KAFAMI BOZAN ŞEYLER

Utanma arlanma hiç kalmadı

Yeni yıl çok ağır zamlarla geldi.

Hani “iğneden ipliğe” diye başlayan bir deyim vardır, tıpkı öyleydi.

Elektrik, doğalgaz, akaryakıt gibi temel enerji ürünlerine müthiş zamlar geldi.

Devletin aldığı vergiler, harçlar, tüm cezalar yüzde 36 zamlandı.

Asgari ücretliler, emekliler, memurlar, orta gelirli vatandaşlar ne yapacaklarını kara kara düşünürken; sarayla iltisaklı medya, sanki hiçbir şey olmamış gibi davranıyor.

Hatta bazı gazete ve televizyonlar milletle alay edercesine yayınlar yapıyorlar.

Örneğin sarayla iltisaklı yayın gruplarının en militanı Sabah grubunda zamlar neredeyse hiç yok.

Sabah’a ve aHaber’e göre zam yok ama “varlık barışı” süresi uzatılmış.

Hani şu nereden kazandıklarını açıklayamayanların yurtdışında tuttukları paraları sorgusuz sualsiz ve vergisiz ülkeye getirme hakları var ya, işte varlık barışı dedikleri o.

Saraya bağlılık ve militanlık konusunda Sabah’la yarışmaya başlayan Hürriyet’te ise elektrik zammı iyi bir şey gibi sunulmuş.

“Elektrikte yeni tarife” demiş Hürriyet ve artık fiyatların kademeli olarak uygulanacağı müjdesini vermiş.

Ama haberde aslında yapılanın yüzde 100’ü aşkın zam olduğuna hiç değinilmiyor.

Türkiye gazetesi de zam haberini “Faturanın yarısı yine devletten” başlığı ile sunmuş okurlarına.

Devlet zam yapıyor ama yarısını kendi ödüyor, gariban vatandaşı buna inandırıyorlar.

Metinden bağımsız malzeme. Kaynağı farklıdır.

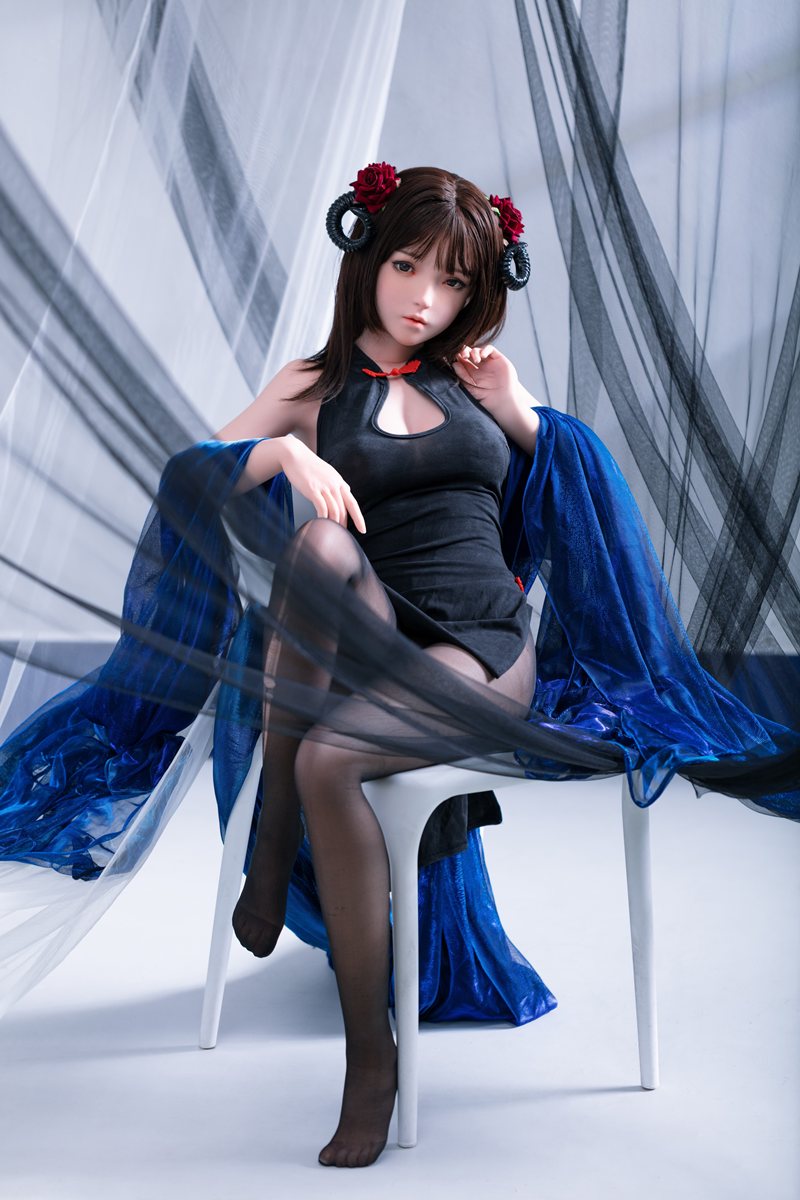 Marry Sex Doll (FUDoll 148 cm D-Cup # J014 silikon)
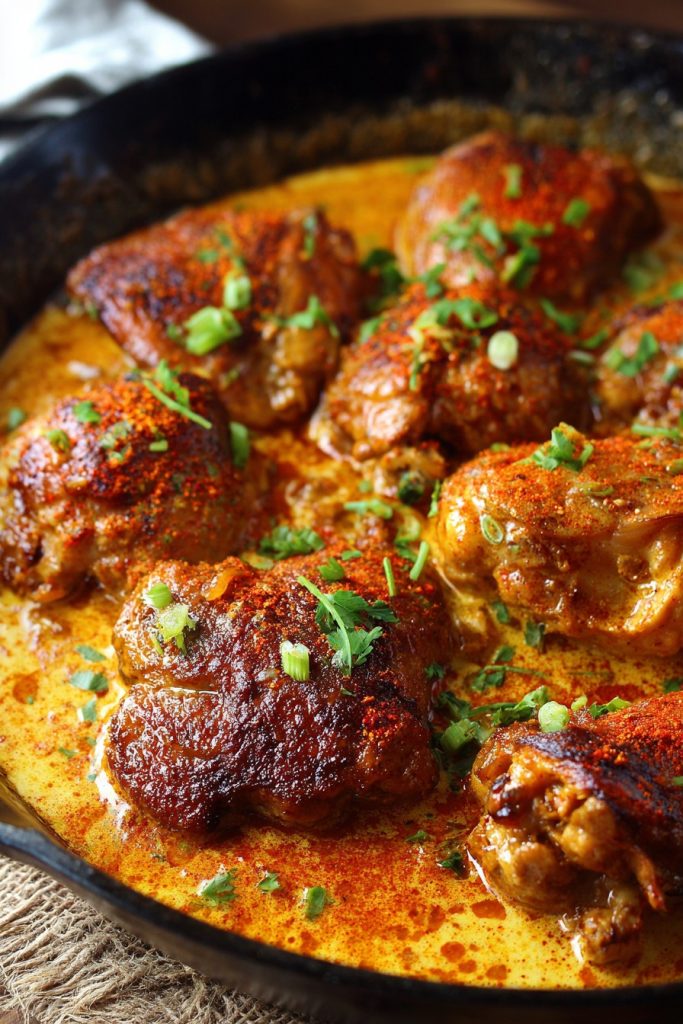 Chicken Paprikash Recipe: A Comforting Hungarian Classic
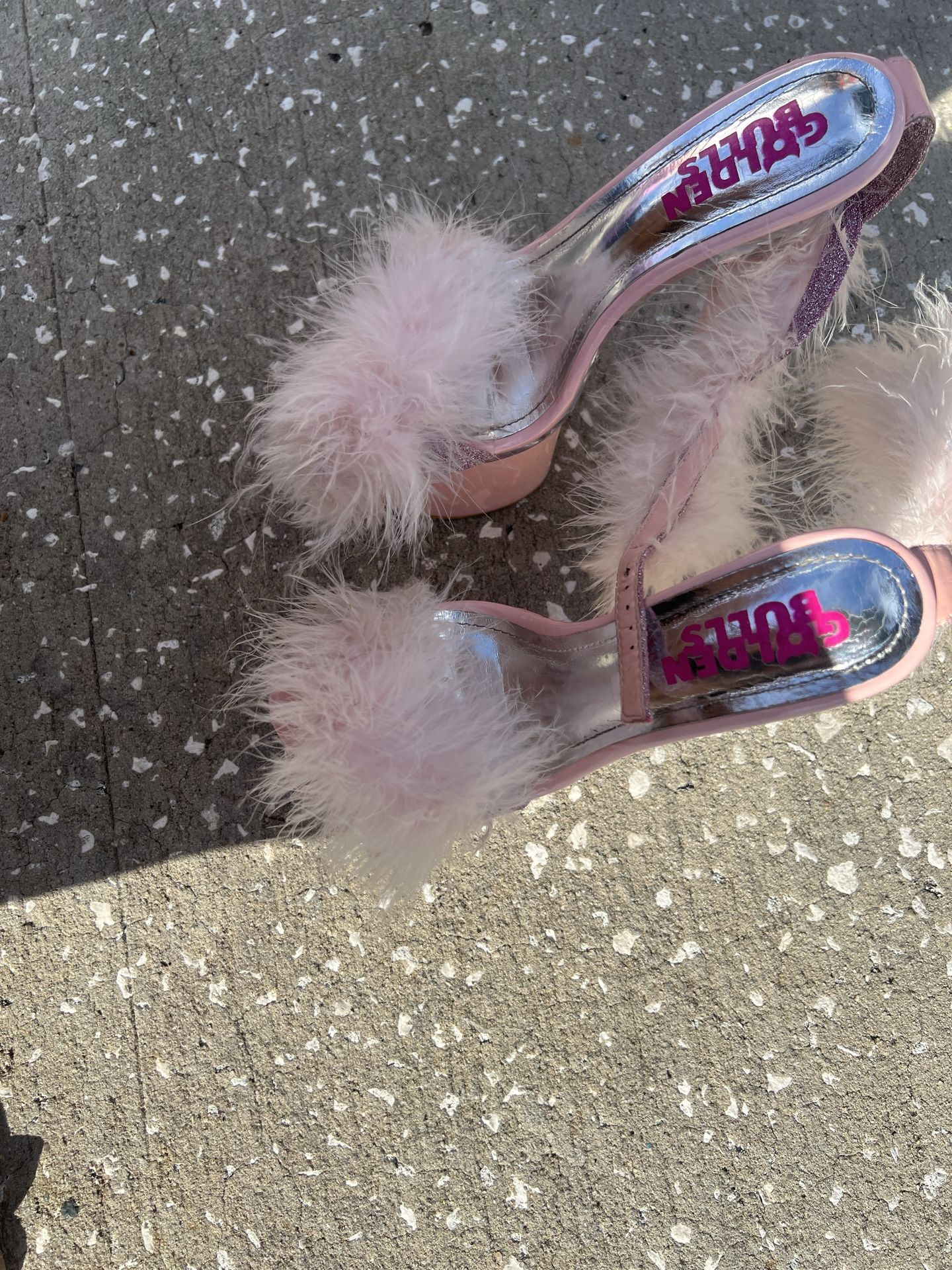 Dance Heels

Yeni Şafak biraz daha utanmış ve zam haberini sayfanın en dibince küçücük vermiş hiç olmazsa.

Milliyet “Yeni elektrik tarifelerinin yürürlüğe girdiğini” duyurmuş o kadar, sanki zaten hep yapılan bir uygulama gibi, zam mam yok.

Akit adlı kâğıt israfına göre zam hiç yok.

MHP’nin yayın organı Türkgün zam haberini sayfanın dibinde minicik yayınlamış.

Zam haberleri konusunda en azgın gazete Aydınlık çıktı.

Sonradan AKP’li olma bu eski solcu gazete zamları saray iktidarın değil de şirketlerin yaptığını yazacak kadar uçmuş ve “Devlet indiriyor, şirketler bindiriyor” diye başlık atmış.

Öyle ya, zavallı Erdoğan ne yapsın, fiyatları düşürmek için çırpınıyor ama bu alçak şirketler yok mu, onlar halkın canına okuyor işte.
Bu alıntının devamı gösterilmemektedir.